J’avais toujours considéré l’obéissance et la politesse comme des qualités, voire des vertus. Jusqu’à ce fatidique après-midi de juillet où je me suis rendu compte que ma droiture dépassait les bornes des limites : lors d’un arrêt sur une aire d’autoroute, j’ai préféré manger debout. La raison ? Les tables - vides - de la terrasse n’étaient autorisées que pour celles et ceux qui avaient acheté leur repas sur ladite aire. Je ne vous raconte pas le regard ahuri de mon cher et tendre qui m’observait à distance, bien installé sur sa table de pique-nique.

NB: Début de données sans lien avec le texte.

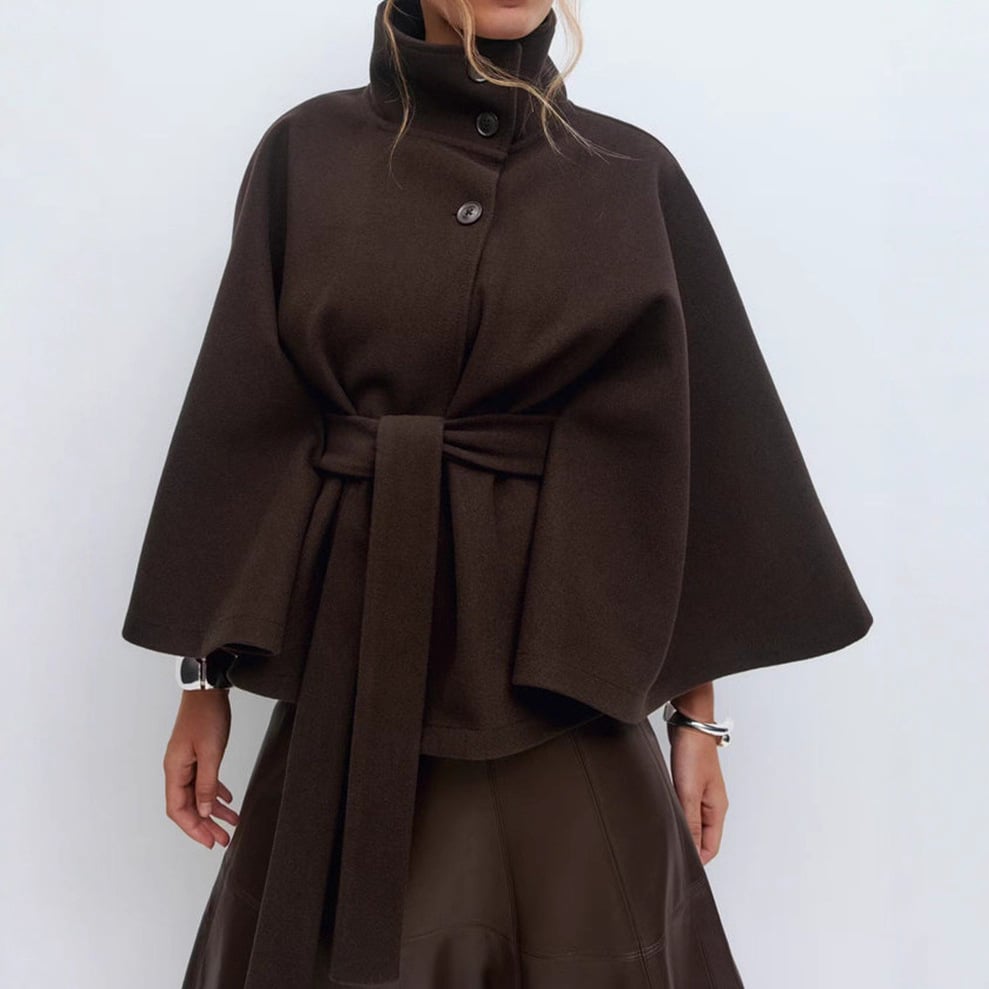🔥BUY 2 GET FREE SHIPPING💥Women's Plain Front Buckle Belted Woolen Cape Coat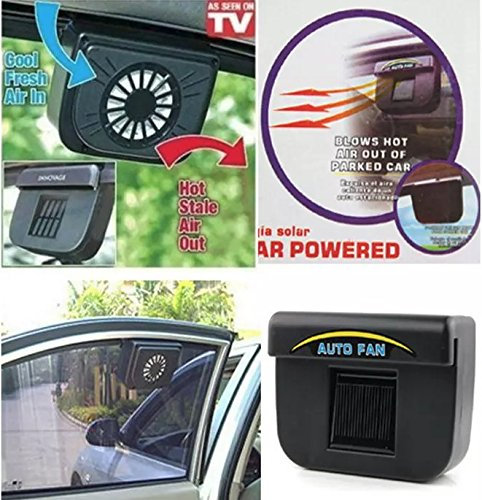 SOLAR POWERED WINDOW HEAT FAN VENTILATOR AUTO COOL PETS AIR VENT CAR VEHICLE VAN AC16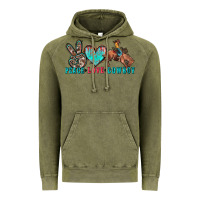 Vintage Olive peace love cowboy Vintage Hoodie - Zillion Design Studio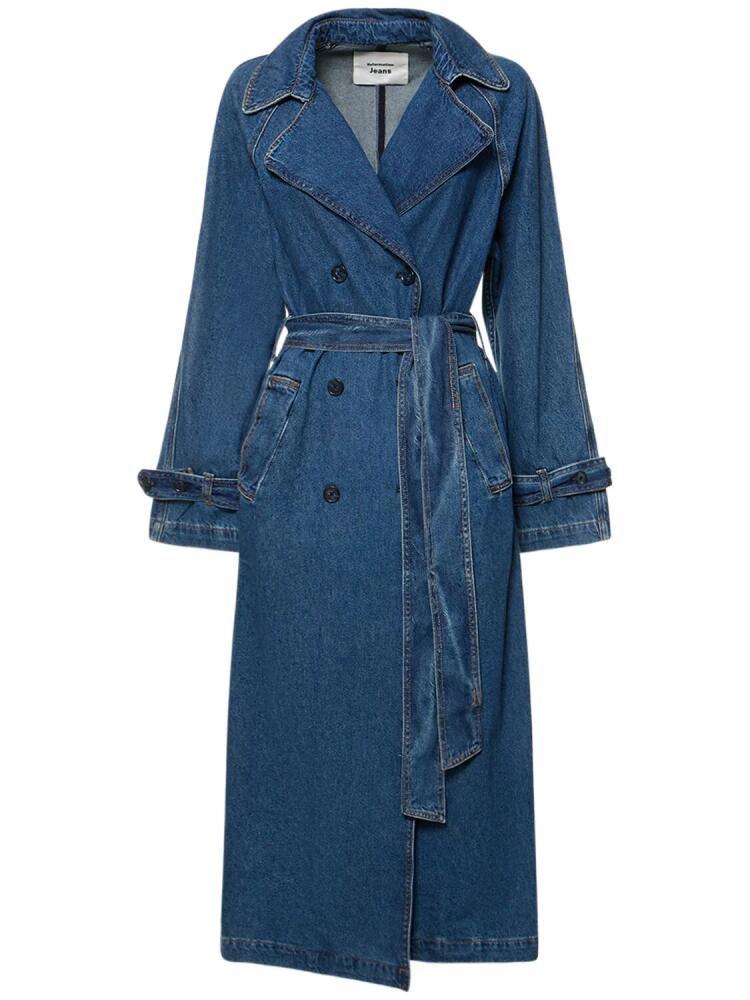 REFORMATION Hayes Cotton Denim Trench Coat Cover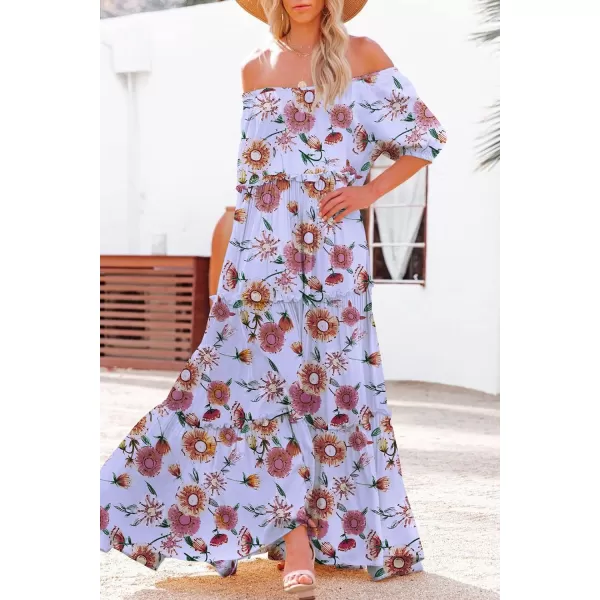 YESNO Womens Summer Casual Off Shoulder Maxi Dress Puff Short Sleeve Bohemian Floral Long Swing Dress E06E06 as Picture311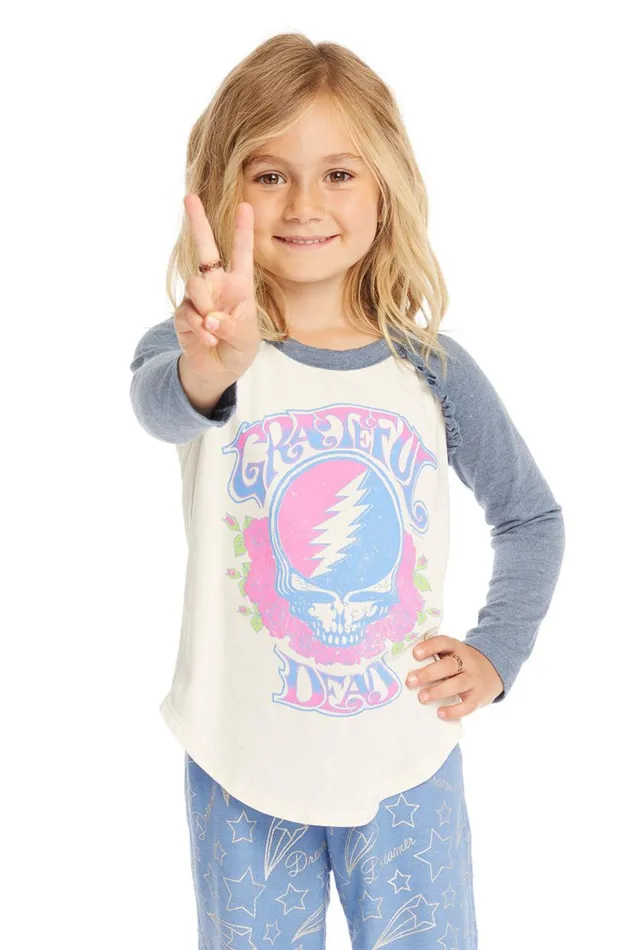 WomensKids Music Chaser Brand Grateful Dead Skull and Roses Baseball Tee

Depuis ce jour, j’ai commencé à lister toutes les fois où j’ai flirté avec la loi pour voir si mon obéissance n’était pas maladive. Spoiler : si. La première fois, vers 5 ou 6 ans, j’ai volé une gomme en forme de chat, dans un grand magasin à Caen. La peur m’avait envahie et j’avais tenu trois secondes avant d’avouer mon larcin à ma mère, qui m'avait ramené illico presto dans le rayon pour m'excuser auprès de la vendeuse. Grosse honte. Plus tard, quand j’étais adolescente, j’ai accompagné des amis dans un parc - fermé - la nuit : il fallait grimper au-dessus d’une grille pour entrer. Je suis restée perchée en haut de la grille, comme figée, incapable de défier la loi. Ridicule. Et une autre fois, j’ai fraudé une fois les transports en commun et me suis effondrée en larmes dans les bras d’un agent de la RATP avant même qu’il me demande un titre de transport. En dehors de ces anecdotes ? Rien.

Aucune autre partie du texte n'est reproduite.